The additional mass also reduces the likelihood of 'limp wrist' induced malfunctions. This is especially a concern when operating the weapon while injured or when shooting with one hand. Because the guide rod does not move with the slide, the additional inertia of the rod acts as an anchor for the slide to pull against. This greatly increases the reliability when the weapon is not gripped in an ideal manner.
The guide rod has been slightly extended past the muzzle of the weapon to reduce the likelihood of a malfunction if the muzzle is inadvertently pressed into an opponent in a CQB circumstance. The geometry of the rod has been designed to avoid interfering with any additional accessories such as suppressors.

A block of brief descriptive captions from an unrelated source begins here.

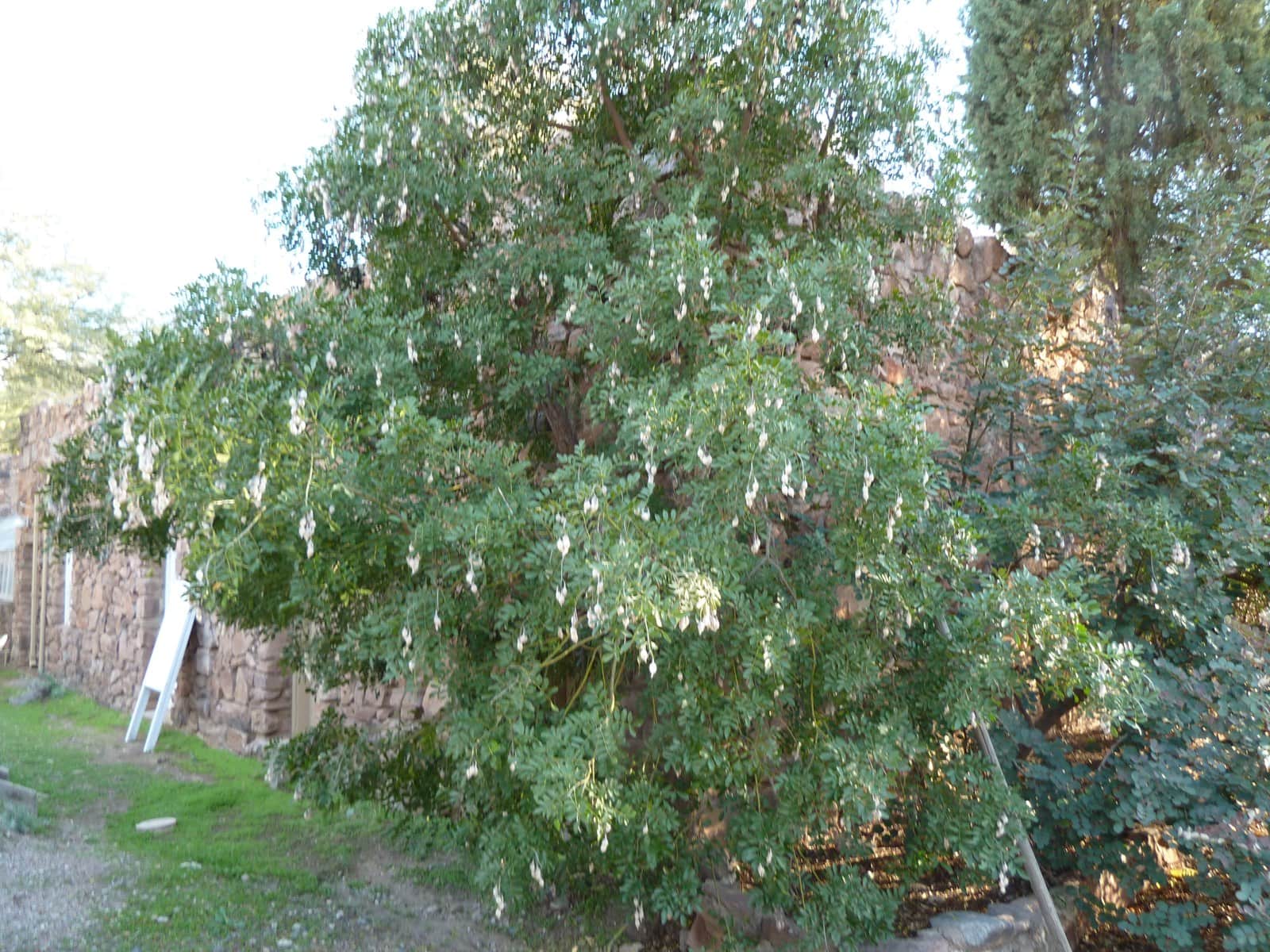 Texas Mountain Laurel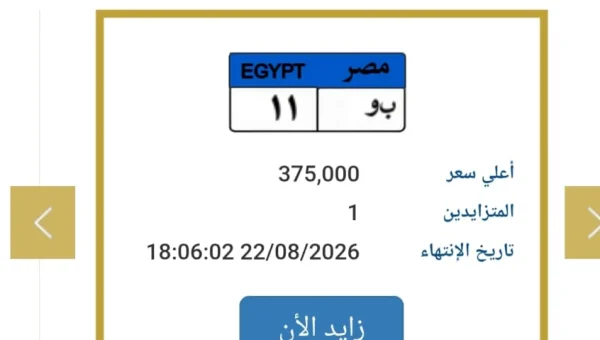 License Plate 'B & 11' Ignites Traffic Auction: Bidding Surpasses EGP 375,000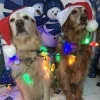 🎅 Эмодзи «Новогодние Собаки» для Telegram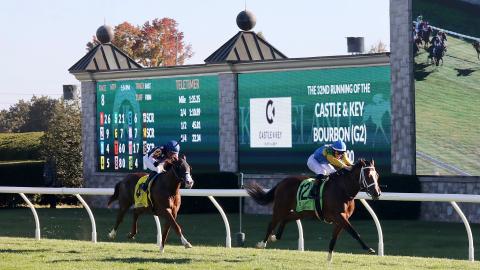 horses racing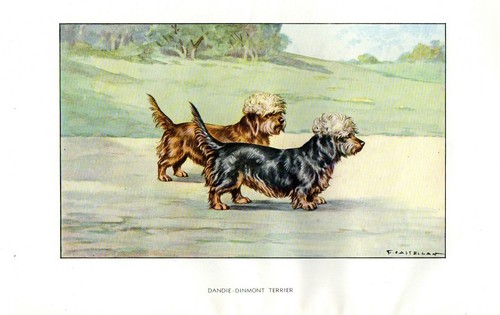 Stampa antica cane - stampa, dandie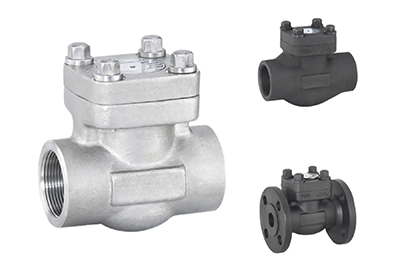 Forged steel reverse check valve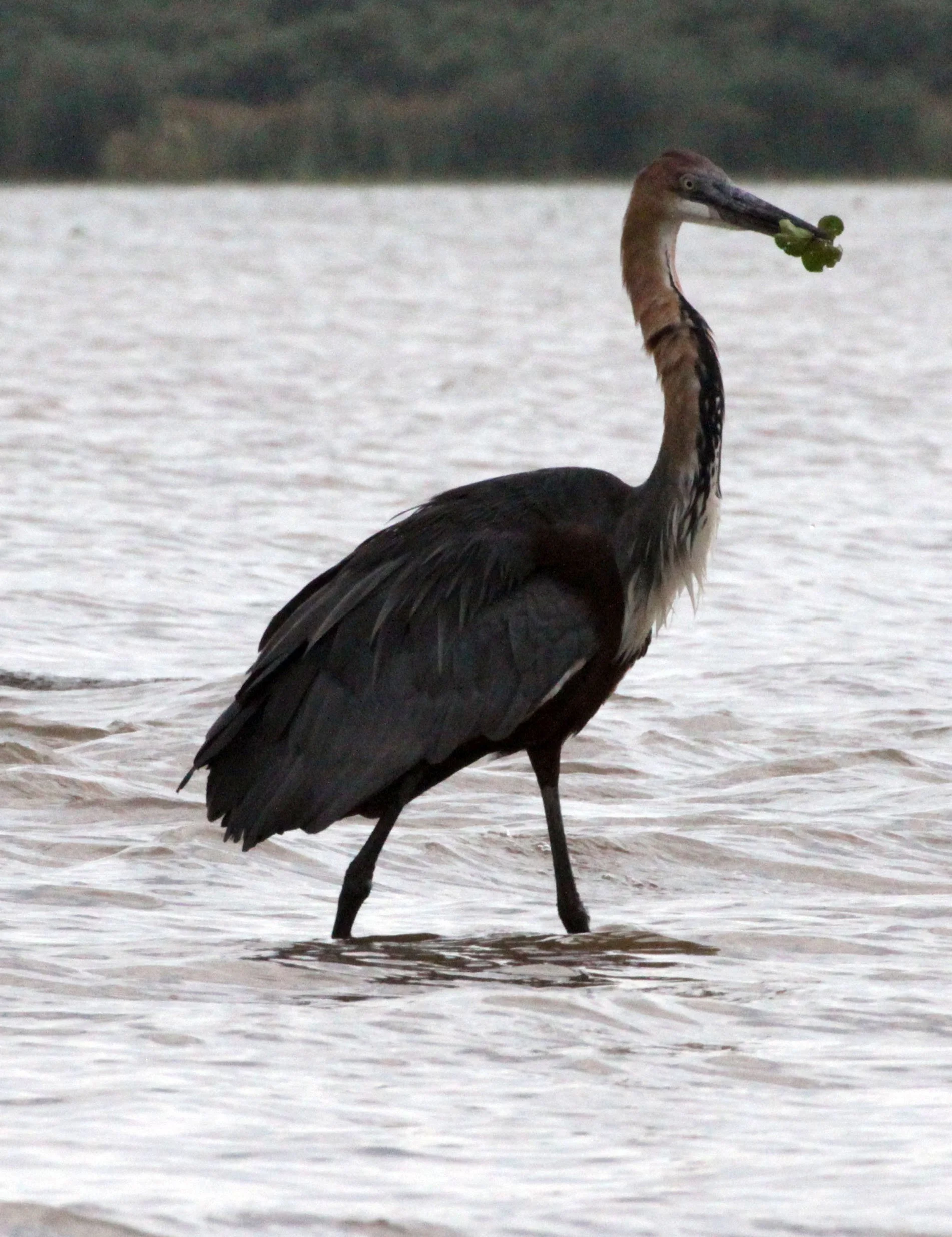 HERON - GOLIATH HERON - Ardea goliath - NECH SAR NATIONAL PARK ETHIOPIA (7).JPG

Stainless steel guide rods encourage galvanic corrosion of the recoil spring. This problem is exacerbated because the guide rod is of much larger mass than the recoil spring. As such, using a material like stainless that encourages corrosion of the coupled spring is not recommend for field environments.
To manage environmental exposure White Sound Defense guide rods are made from 4340 alloy steel which is more corrosion resistant than plain carbon steel. The guide rods are then heat-treated, ferritic nitrocarburized, and then subjected to a post-nitriding oxidation treatment. This results in a guide rod that is as just as corrosion resistant as the rest of the rest of the firearm without causing increased corrosion in the recoil spring. An additional advantage of 4340 alloy steel is that it is more crack resistant than stainless steel.
These guide rods are produced as uncaptured to avoid the engineering compromises that must be made with captured guide rods. The first issue is that any screw type capture system increases the likelihood of a crack developing at the muzzle end of the guide rod. The second issue is that lug type retention requires the use of dead coils (closed ends) on the recoil springs. This takes up space that could be used for active coils. It also makes replacing springs more difficult. After testing dozens of designs White Sound Defense settled on an uncaptured rod as the recommended solution for 3rd generation pistols. However, a transverse hole that fits the standard Glock armorer's tool was added to make assembly easier with gloves or when hands are cold. (See Video Links Below For Details)
Q: Why does the guide rod (and sometimes the underside of the barrel) turn silver/grey when using White Sound Defense springs?
A: The rust preventative coating on the springs can rub onto surrounding surfaces giving them a grey/silver color. It is usually most noticeable on the guide rod. This is a bit like grease spreading from one surface to another and is not harmful.